What this means for traveling gun owners
For people who actually carry guns, all of this theory boils down to a practical question: can you stay on the right side of the law when you cross a border with a handgun in your truck? Right now, the answer depends on a maze of state statutes and reciprocity agreements that can change with a single election. The judges highlighted in Federal Judges Push are essentially saying that this patchwork is hard to defend when the Constitution recognizes a right to carry for self‑defense.
If either the courts or Congress eventually adopt their view, a hunter driving from West Virginia to Colorado, or a family hauling a camper from North Carolina to Montana, could rely on a single set of baseline rules instead of checking every state line like a hazard on a topo map. That would not erase local restrictions on places like schools or courthouses, but it would mean a valid home‑state permit, or lawful permitless status, travels with you. Until that happens, though, the safest course is still to study each state’s law before you roll, because the judges’ arguments have not yet been turned into binding nationwide rules.
The tension with state police powers
There is a real clash here between the judges’ reading of the Second Amendment and the traditional idea that states control their own public safety rules. States like New York have long argued that dense urban areas justify tighter limits on who can carry and where. The Supreme Court’s ruling described by By Amy Howe rejected the most extreme version of that argument, but it did not wipe away every local restriction. That leaves room for states to claim they can still draw a hard line against nonresident carriers.
The judges who support nationwide reciprocity are effectively saying that line cannot be absolute. In the analysis of Federal Judges Push, they argue that once a state allows its own citizens to carry, it is hard to justify treating equally vetted visitors as a categorical threat. That is where the fight is headed: not over whether states can regulate guns at all, but over whether they can single out nonresidents for harsher treatment when the underlying right is supposed to belong to “the people,” not to one state’s voters.
Where the fight goes next
Looking ahead, I expect the next big moves to come on two tracks. On the legislative side, H.R. 38, the Constitutional Concealed Carry, will test how far Congress is willing to go in standardizing carry rights across the map. On the political side, the push from Washington, D.C. – After being sworn into the 119th Congress, Congresswoman Carol Miller and Congressman Richard Hudson, as described in Washington, D.C. –, shows that national reciprocity is now a priority item for key House Republicans aligned with President Trump.

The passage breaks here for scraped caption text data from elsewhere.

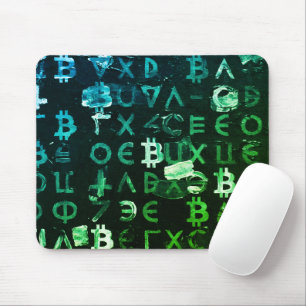 Symbols of Bitcoin (Style: Profit Green - 4) Mouse Pad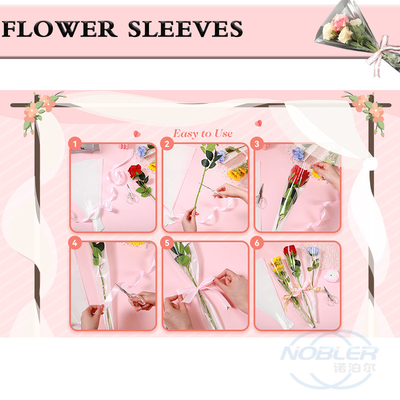 Sacos claros do ramalhete das luvas do ramalhete da flor para única Rose Wrapping Paper
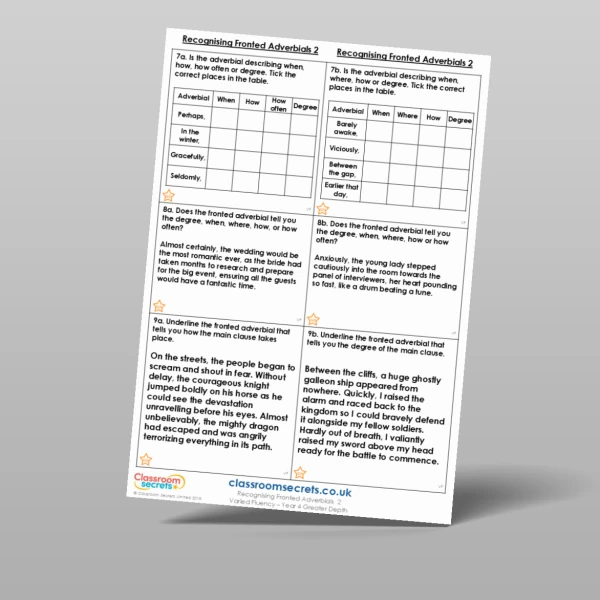 An image of the Recognising Fronted Adverbials 2 Varied Fluency Resource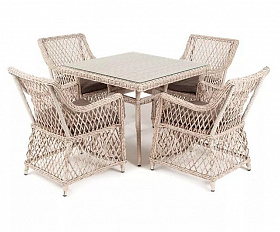 Плетеная обеденная группа Айриш 4SIS из искусственного ротанга, цвет бежевый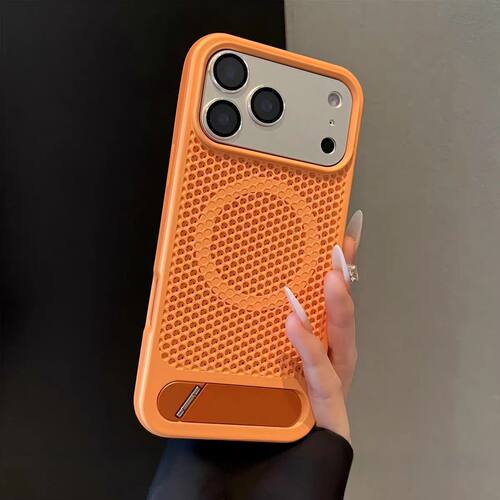 适用苹果17手机壳iphone17promax高级感蜂窝网孔ip16散热pro透气max保护套iph15超薄por磁吸pmax带支架pr0max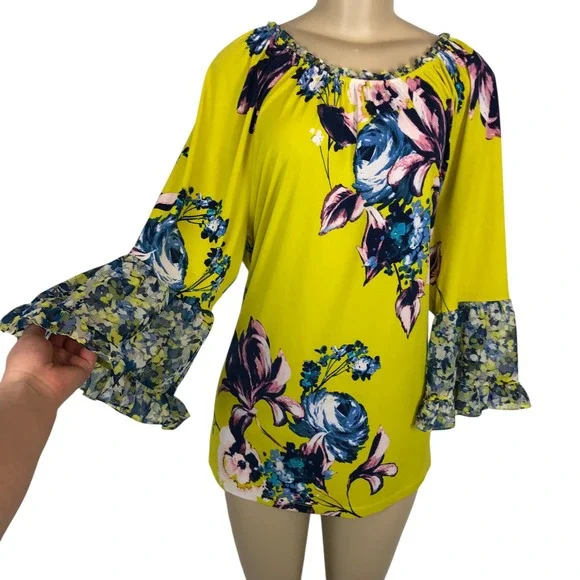 Susan Graver Floral Print Bell Sleeve Liquid Knit Tunic Top XL Boho Multicolor - Picture 4 of 10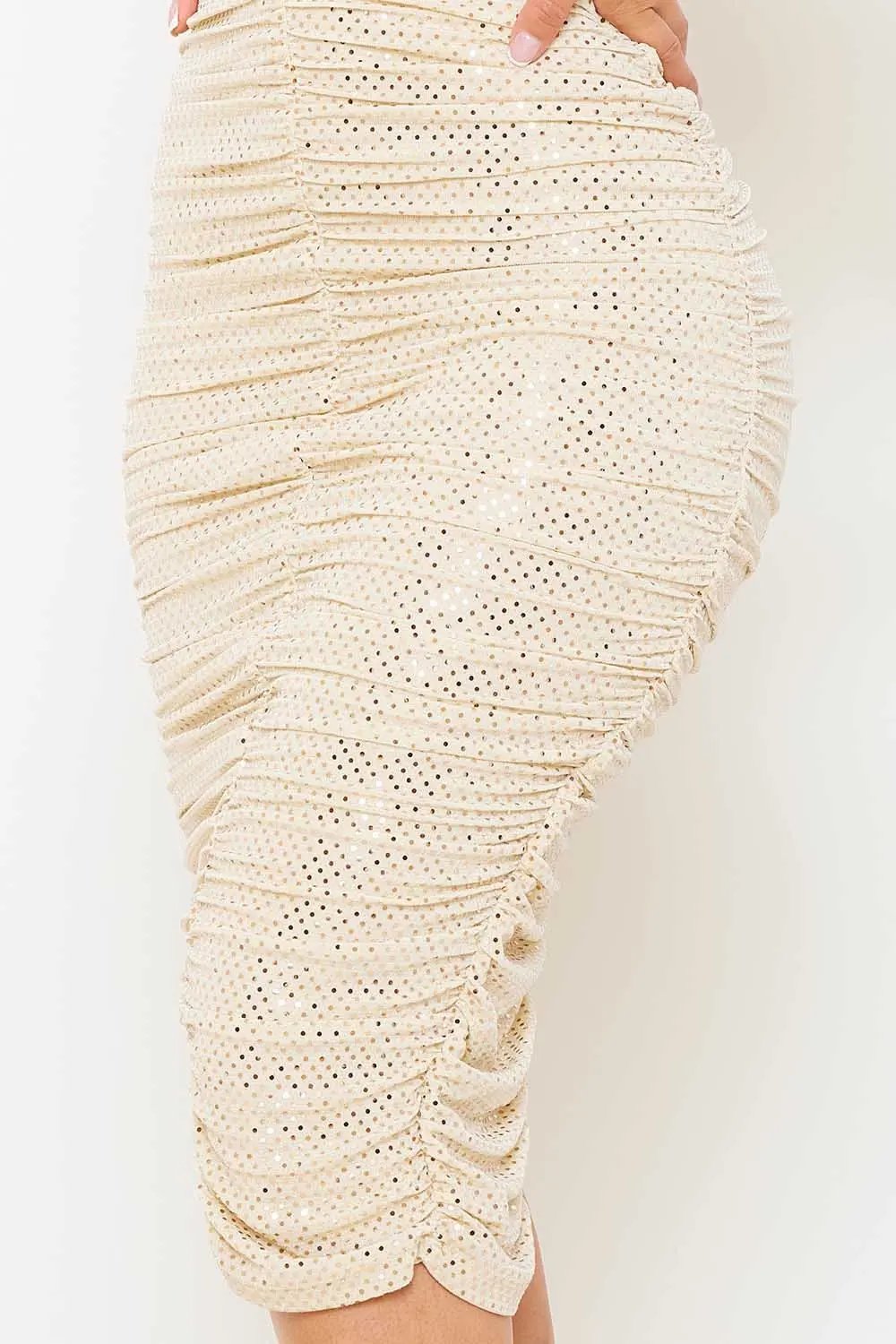 Sequin Ruched Dress - Long Bodycon Evening Wear With Wire Bust Top BOUTINIE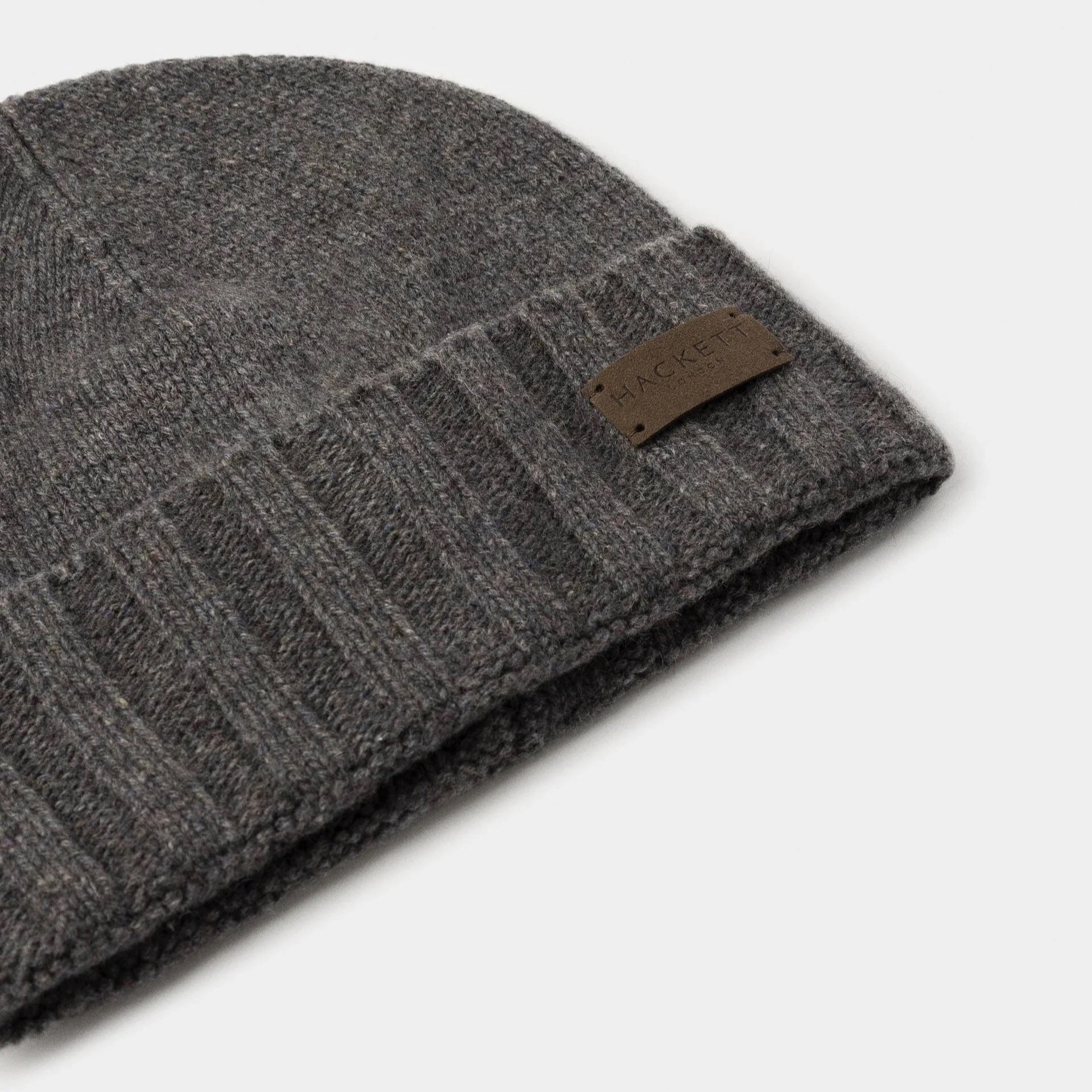 Close View of Hackett Cashmere Beanie in Grey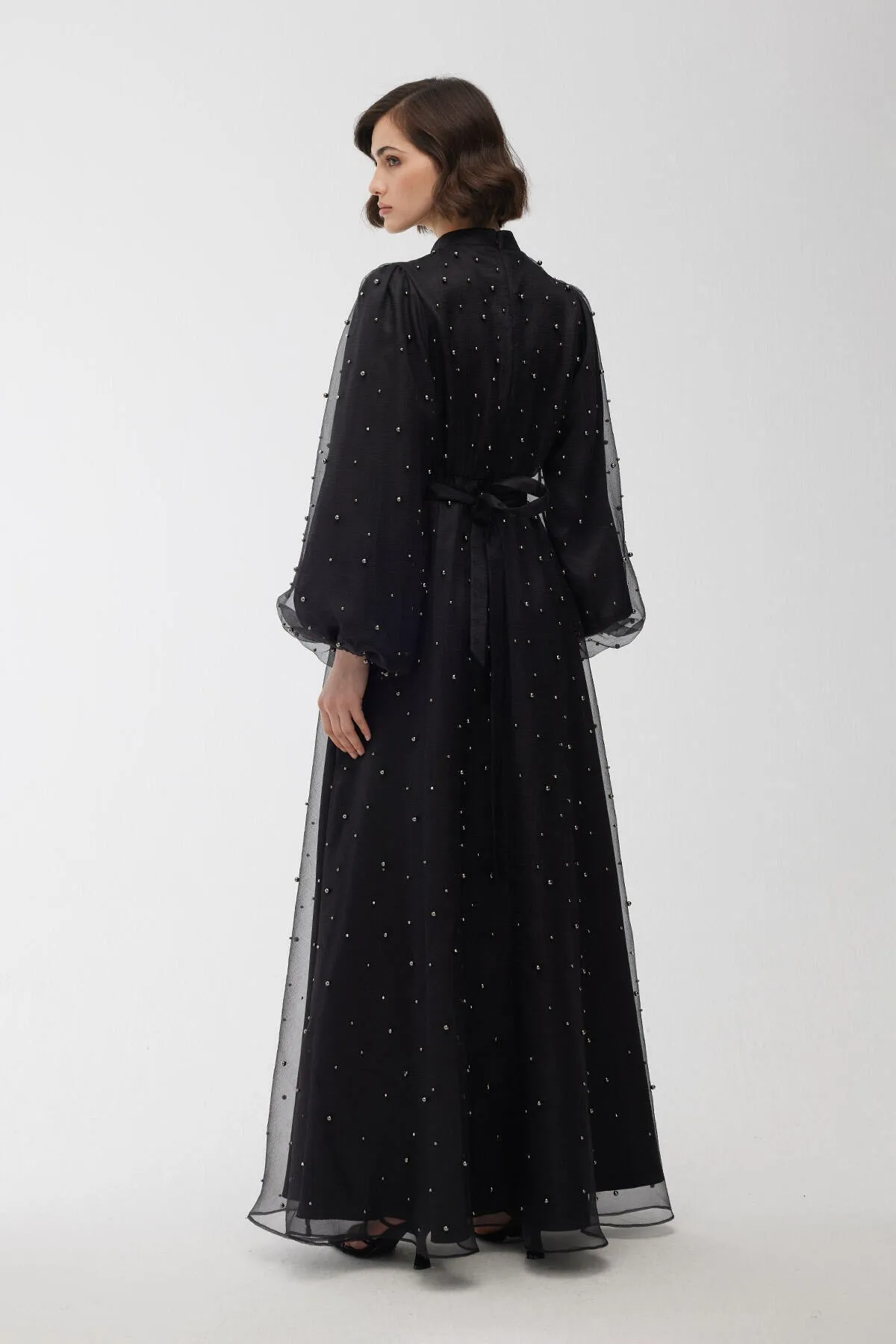 Manuka  Abendkleid mit Tüll und Perlendetails in Schwarz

On the judicial side, the three judges highlighted in Federal Judges Push have already given gun‑rights litigators a set of arguments to bring in future cases. If one of those cases reaches the Supreme Court, the justices will have to decide whether the right they recognized in striking down New York’s law is a right that belongs to Americans wherever they travel, or a right that can be boxed in by state borders. For anyone who carries a handgun as part of a life spent outdoors, that answer will shape how freely they can move with the tools they rely on to stay safe.

Asher was raised in the woods and on the water, and it shows. He’s logged more hours behind a rifle and under a heavy pack than most men twice his age.